---------- Entries shown

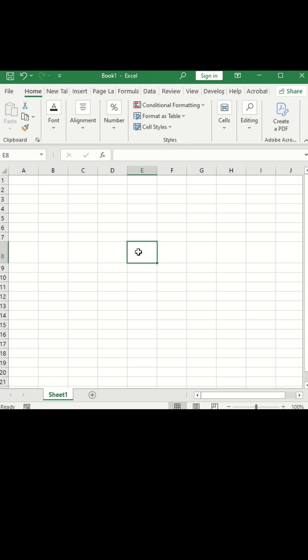Hello friends, in today's video, we will see how to insert one half fraction in MS Excel. So we can do this using two ways.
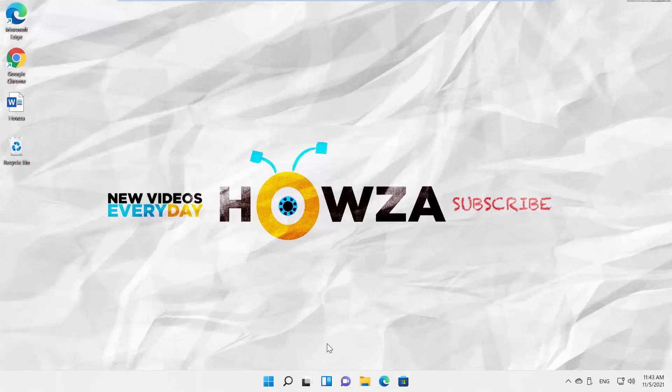Hey! Welcome to Hauser channel. In today's tutorial, you will learn how to show or hide the Libraries folder in Windows 11.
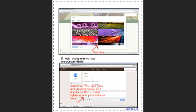Then, for each class, I select a title, add links and attachments, put handouts like a class syllabus and procedures right there so that the students have them right at their fingertips.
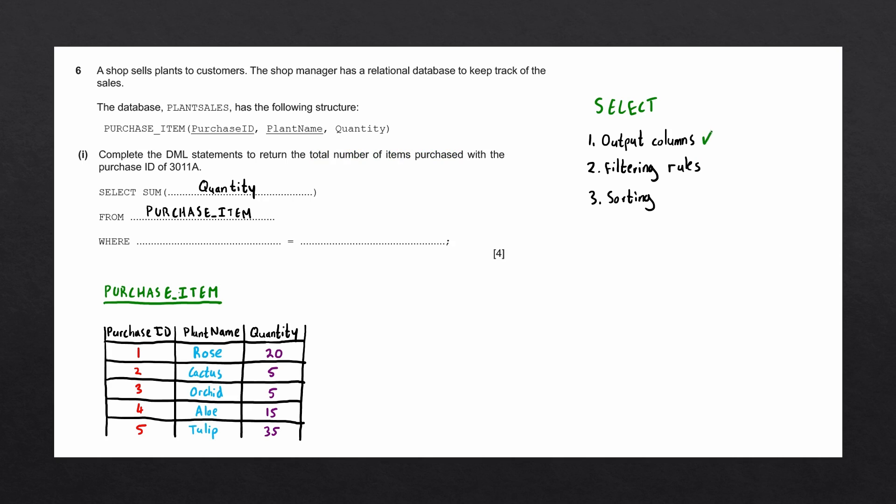Next, we need to figure out which filtering rules are going to be used within our select statement. The question asks us to return the total number of items purchased with the purchase ID of 3011A. Purchase_ID here correlates with the attribute purchase_ID within our purchase_item table. This means that we want to use purchase_ID within our where statement. Purchase_ID is equal to 3011A.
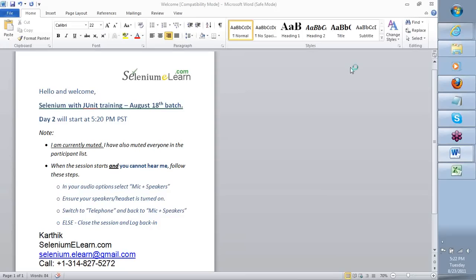Hi team, welcome back to day two of our Selenium with JUnit training. Here's what we're going to do today: we will do a review of what we did on day one, then we will continue on the path of trying to master the art of automation using this open source tool called Selenium.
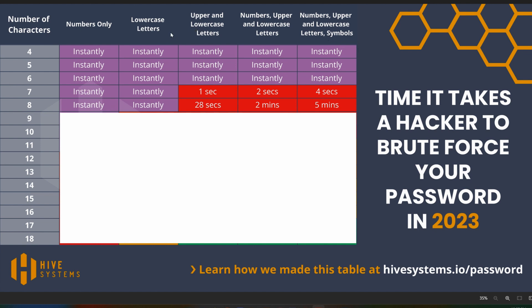We can see right off the bat that anything six characters long can be hacked instantly — that's a brute force attack in 2023. Keep in mind this only gets worse year after year, and it can be worse than what this chart says. So as time goes on, by the time you're reading this, it's going to be even worse.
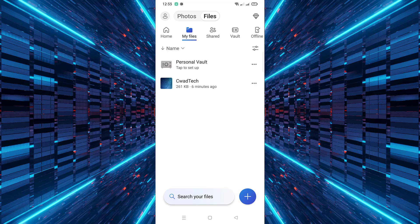That's it. Downloading files from OneDrive to Android is simple once you give it the right permissions. If this helped you, feel free to subscribe for more tech tutorials.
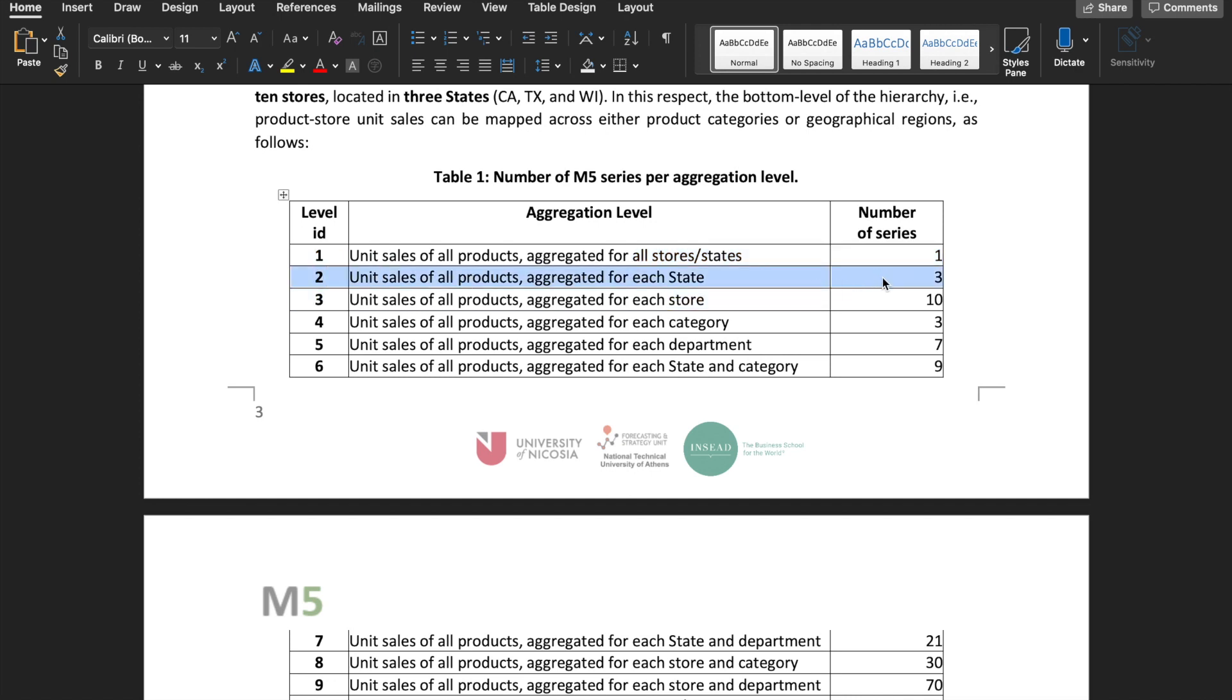The level 2 gets slightly more complicated, where for our level 12 series with state ID CA, we divide its sales by the CA series in level 2, and multiply that by the CA series forecast in level 2.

--------------------

[Description of the task] Beginning with the line above that contains "Hey! Welcome to" and ending with the line that contains "We can see right", quote each line exactly, keeping out the pictures.

[The answer]
Hey! Welcome to Hauser channel. In today's tutorial, you will learn how to show or hide the Libraries folder in Windows 11.
Then, for each class, I select a title, add links and attachments, put handouts like a class syllabus and procedures right there so that the students have them right at their fingertips.
Next, we need to figure out which filtering rules are going to be used within our select statement. The question asks us to return the total number of items purchased with the purchase ID of 3011A. Purchase_ID here correlates with the attribute purchase_ID within our purchase_item table. This means that we want to use purchase_ID within our where statement. Purchase_ID is equal to 3011A.
Hi team, welcome back to day two of our Selenium with JUnit training. Here's what we're going to do today: we will do a review of what we did on day one, then we will continue on the path of trying to master the art of automation using this open source tool called Selenium.
We can see right off the bat that anything six characters long can be hacked instantly — that's a brute force attack in 2023. Keep in mind this only gets worse year after year, and it can be worse than what this chart says. So as time goes on, by the time you're reading this, it's going to be even worse.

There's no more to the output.